Bir akşamüstü de şu çılgın geceleriyle meşhur Magaluf bölgesine geçtik. Hamile olduğumdan ne yazıkki eğlenemedik, gezip gördüğümüzle kaldık:) Avrupa'nın en büyük açık hava diskosu olan BCM buradaymış, en azından görmüş olduk:) Magaluf plajı da oldukça düzenli ve güzeldi. Fazla detaylandırmak istemiyorum, çünkü gidecek olursanız sizin için biraz gizemli kalsın isterim...
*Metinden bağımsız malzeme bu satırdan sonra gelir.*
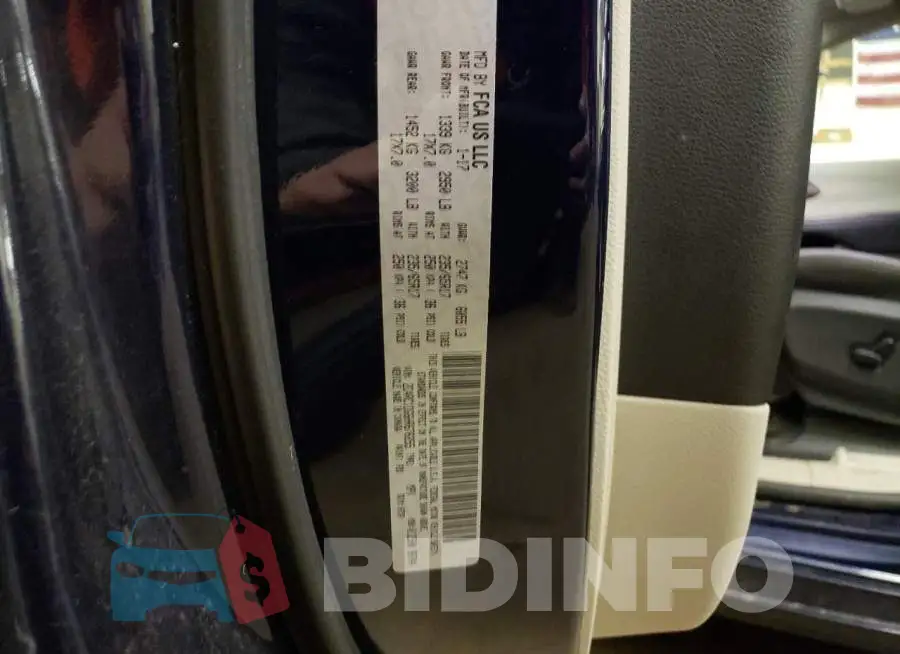 2C4RC1DG6HR676255 Photo# 13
Son gün feribotla İbiza'ya da geçtik ama açıkçası pek bir şey anlamadık. Ben hamile olduğumdan eğlenceyle işimiz yok, denizinin de Mallorca'dan hiç bir farkı yok ve Mallorca'ya göre oldukça küçük bir ada. Çıplaklıktan da bana fenalık geldiğinden koşarak uzaklaşmak istedim:) Aşağıda gördüğünüz  İbiza Talamanca denizinden çektiğim bir kare. Bekarlar için cidden renkli bir yer, Mallorca'ya giderseniz feribotla 1 gün de olsa ziyaret edin. Sırf Sant Antonio'da güneşin batışını izlemek için bile değer...





Tatil dönüşü işlere yoğunlaştığımdan ve bebek odası  hazırlıklarına başladığımızdan yazı biraz gecikti. Daha size anlatacak çok şey var, hem bebek alışverişi hem kozmetik ve giyim alışverişlerim için ayrı ayrı yazılar hazırlayacağım, bir de vakit yaratabilsem...

Bir sonraki yazıyla buluşuncaya kadar hoşçakalıın!!!